══ Material shown

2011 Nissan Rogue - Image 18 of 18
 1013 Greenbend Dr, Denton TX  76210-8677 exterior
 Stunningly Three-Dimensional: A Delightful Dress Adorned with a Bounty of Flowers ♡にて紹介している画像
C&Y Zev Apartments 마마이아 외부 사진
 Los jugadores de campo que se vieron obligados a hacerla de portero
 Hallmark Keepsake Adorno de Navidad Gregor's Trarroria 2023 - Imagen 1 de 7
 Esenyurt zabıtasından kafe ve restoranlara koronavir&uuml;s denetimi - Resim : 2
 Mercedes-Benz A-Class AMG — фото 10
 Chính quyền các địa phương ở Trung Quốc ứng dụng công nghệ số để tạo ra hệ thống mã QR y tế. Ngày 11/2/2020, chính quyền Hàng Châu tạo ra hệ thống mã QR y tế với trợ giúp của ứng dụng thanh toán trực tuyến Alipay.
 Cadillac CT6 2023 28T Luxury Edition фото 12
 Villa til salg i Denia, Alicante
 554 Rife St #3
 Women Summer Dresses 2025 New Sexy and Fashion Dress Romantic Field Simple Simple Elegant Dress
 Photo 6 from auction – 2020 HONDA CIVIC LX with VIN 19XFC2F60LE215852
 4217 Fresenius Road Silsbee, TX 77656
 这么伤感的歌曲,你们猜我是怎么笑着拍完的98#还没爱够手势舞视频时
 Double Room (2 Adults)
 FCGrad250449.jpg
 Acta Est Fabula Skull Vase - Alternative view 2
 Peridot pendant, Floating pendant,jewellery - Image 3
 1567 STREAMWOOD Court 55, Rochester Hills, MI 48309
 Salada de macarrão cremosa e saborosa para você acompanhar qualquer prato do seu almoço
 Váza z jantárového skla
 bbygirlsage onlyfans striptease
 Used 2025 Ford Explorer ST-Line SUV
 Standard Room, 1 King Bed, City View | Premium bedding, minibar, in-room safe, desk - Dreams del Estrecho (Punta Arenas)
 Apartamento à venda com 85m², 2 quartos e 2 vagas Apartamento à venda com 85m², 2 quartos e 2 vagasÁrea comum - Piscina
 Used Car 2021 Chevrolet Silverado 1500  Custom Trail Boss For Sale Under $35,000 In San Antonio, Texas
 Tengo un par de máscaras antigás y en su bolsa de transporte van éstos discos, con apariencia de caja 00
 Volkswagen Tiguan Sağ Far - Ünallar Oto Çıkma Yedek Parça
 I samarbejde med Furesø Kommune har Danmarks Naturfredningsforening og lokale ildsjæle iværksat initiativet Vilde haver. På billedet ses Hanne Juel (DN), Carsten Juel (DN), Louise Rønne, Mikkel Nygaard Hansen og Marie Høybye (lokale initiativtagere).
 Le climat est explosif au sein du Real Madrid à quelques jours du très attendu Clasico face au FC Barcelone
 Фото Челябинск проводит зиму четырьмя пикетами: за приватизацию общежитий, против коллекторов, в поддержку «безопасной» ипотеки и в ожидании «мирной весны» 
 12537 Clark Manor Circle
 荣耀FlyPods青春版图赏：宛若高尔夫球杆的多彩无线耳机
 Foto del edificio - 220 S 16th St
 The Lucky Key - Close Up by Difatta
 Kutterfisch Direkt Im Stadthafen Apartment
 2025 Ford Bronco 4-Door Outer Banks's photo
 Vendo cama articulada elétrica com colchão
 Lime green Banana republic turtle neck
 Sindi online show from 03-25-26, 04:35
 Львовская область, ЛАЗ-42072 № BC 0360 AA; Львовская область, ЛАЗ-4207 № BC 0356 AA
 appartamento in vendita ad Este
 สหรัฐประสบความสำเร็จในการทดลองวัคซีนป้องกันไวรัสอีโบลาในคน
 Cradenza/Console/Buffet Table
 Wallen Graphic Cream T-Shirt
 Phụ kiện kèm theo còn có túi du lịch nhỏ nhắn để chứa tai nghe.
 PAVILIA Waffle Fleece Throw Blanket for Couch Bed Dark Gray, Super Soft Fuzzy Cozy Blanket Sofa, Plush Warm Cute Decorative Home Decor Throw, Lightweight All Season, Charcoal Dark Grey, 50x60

════

» **Task**
Nothing should appear in the answer except the lines above from the line with "Salada de macarrão" through the line with "Phụ kiện kèm", both included, written out exactly.

» **Task result**
 Salada de macarrão cremosa e saborosa para você acompanhar qualquer prato do seu almoço
 Váza z jantárového skla
 bbygirlsage onlyfans striptease
 Used 2025 Ford Explorer ST-Line SUV
 Standard Room, 1 King Bed, City View | Premium bedding, minibar, in-room safe, desk - Dreams del Estrecho (Punta Arenas)
 Apartamento à venda com 85m², 2 quartos e 2 vagas Apartamento à venda com 85m², 2 quartos e 2 vagasÁrea comum - Piscina
 Used Car 2021 Chevrolet Silverado 1500  Custom Trail Boss For Sale Under $35,000 In San Antonio, Texas
 Tengo un par de máscaras antigás y en su bolsa de transporte van éstos discos, con apariencia de caja 00
 Volkswagen Tiguan Sağ Far - Ünallar Oto Çıkma Yedek Parça
 I samarbejde med Furesø Kommune har Danmarks Naturfredningsforening og lokale ildsjæle iværksat initiativet Vilde haver. På billedet ses Hanne Juel (DN), Carsten Juel (DN), Louise Rønne, Mikkel Nygaard Hansen og Marie Høybye (lokale initiativtagere).
 Le climat est explosif au sein du Real Madrid à quelques jours du très attendu Clasico face au FC Barcelone
 Фото Челябинск проводит зиму четырьмя пикетами: за приватизацию общежитий, против коллекторов, в поддержку «безопасной» ипотеки и в ожидании «мирной весны» 
 12537 Clark Manor Circle
 荣耀FlyPods青春版图赏：宛若高尔夫球杆的多彩无线耳机
 Foto del edificio - 220 S 16th St
 The Lucky Key - Close Up by Difatta
 Kutterfisch Direkt Im Stadthafen Apartment
 2025 Ford Bronco 4-Door Outer Banks's photo
 Vendo cama articulada elétrica com colchão
 Lime green Banana republic turtle neck
 Sindi online show from 03-25-26, 04:35
 Львовская область, ЛАЗ-42072 № BC 0360 AA; Львовская область, ЛАЗ-4207 № BC 0356 AA
 appartamento in vendita ad Este
 สหรัฐประสบความสำเร็จในการทดลองวัคซีนป้องกันไวรัสอีโบลาในคน
 Cradenza/Console/Buffet Table
 Wallen Graphic Cream T-Shirt
 Phụ kiện kèm theo còn có túi du lịch nhỏ nhắn để chứa tai nghe.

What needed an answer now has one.